Mayor of Victoria, British Columbia
- In office November 20, 1999 – December 2, 2008
- Preceded by: Robert Cross
- Succeeded by: Dean Fortin

Personal details
- Born: July 26, 1961 (age 64) Victoria, British Columbia
- Alma mater: University of Manitoba

= Alan Lowe =

Canadian politician

Alan Lowe (born July 26, 1961) is a Canadian politician. He served as mayor of Victoria, British Columbia, 1999–2008.

== Education ==
In 1982 Lowe earned a bachelor's degree in environmental studies from the University of Manitoba, and in 1985 he earned a master's degree in architecture from the University of Oregon.

== Politics ==
Alan Lowe was the city's first mayor of Chinese heritage to be elected. At 38 years old he was also one of the youngest candidates ever to win Victoria's mayoral election.
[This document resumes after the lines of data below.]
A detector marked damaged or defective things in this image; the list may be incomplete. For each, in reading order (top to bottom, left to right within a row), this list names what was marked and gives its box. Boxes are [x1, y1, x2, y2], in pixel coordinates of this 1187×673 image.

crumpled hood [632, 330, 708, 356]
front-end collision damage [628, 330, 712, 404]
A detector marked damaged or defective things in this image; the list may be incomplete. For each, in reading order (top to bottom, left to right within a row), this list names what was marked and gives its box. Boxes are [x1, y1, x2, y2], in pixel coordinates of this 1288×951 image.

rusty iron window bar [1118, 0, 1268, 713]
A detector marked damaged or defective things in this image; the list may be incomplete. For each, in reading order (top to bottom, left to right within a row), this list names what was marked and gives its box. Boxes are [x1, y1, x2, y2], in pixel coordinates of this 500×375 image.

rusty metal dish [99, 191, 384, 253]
In 1999 Alan Lowe managed to win a hard-fought three-way race versus Bob Friedland of the Victoria Civic Electors on the left and veteran right wing councilor Geoff Young. His campaign slogan was "Aim High, Vote Lowe".

=== 1999 Election Results ===
- Alan LOWE 	7,080 	43.59%
- Bob FRIEDLAND 5,626 	34.64%
- Geoff YOUNG 	3,076 	18.94%

The accepted opinion in the next election was that Lowe was unassailable and therefore no serious candidates chose to challenge him. He handily won the 2002 election (61.65% of the popular vote) against a number of opponents, including his closest contender, Ben Isitt, then a 24-year-old master's student at the University of Victoria.
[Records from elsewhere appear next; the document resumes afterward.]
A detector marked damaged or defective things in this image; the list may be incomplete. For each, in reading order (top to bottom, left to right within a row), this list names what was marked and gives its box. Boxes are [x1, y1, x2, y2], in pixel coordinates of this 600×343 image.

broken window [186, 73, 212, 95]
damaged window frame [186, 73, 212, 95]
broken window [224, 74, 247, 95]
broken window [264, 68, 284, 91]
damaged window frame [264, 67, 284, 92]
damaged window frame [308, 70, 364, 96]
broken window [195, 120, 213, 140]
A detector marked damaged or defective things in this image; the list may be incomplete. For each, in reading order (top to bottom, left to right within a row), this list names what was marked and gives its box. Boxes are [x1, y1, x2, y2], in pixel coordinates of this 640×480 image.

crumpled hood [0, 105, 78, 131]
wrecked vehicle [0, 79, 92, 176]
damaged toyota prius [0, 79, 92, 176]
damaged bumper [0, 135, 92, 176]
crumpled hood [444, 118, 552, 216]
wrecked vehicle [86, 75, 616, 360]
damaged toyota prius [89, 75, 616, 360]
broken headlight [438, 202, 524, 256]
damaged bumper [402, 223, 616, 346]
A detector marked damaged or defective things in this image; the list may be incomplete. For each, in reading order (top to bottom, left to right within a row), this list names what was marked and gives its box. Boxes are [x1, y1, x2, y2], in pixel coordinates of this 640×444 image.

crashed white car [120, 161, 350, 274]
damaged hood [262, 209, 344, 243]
Alan Lowe won re-election in the 2005 elections. He again faced Ben Isitt and defeated him by 1,400 votes. Lowe's completion of the new police headquarters building and the Save On Foods Memorial Centre were very positive for his public relations. The arena project was not finished under the tenure of his predecessor mayor, Robert "Bob" Cross, former owner of Cross Meat Market.

In the December 5, 2007, edition of the Victoria Times Colonist newspaper, Lowe stated that he would like to spend more time with his family, friends, other interests and would not seek re-election. He served on Victoria City Council for 15 years as a councillor and mayor.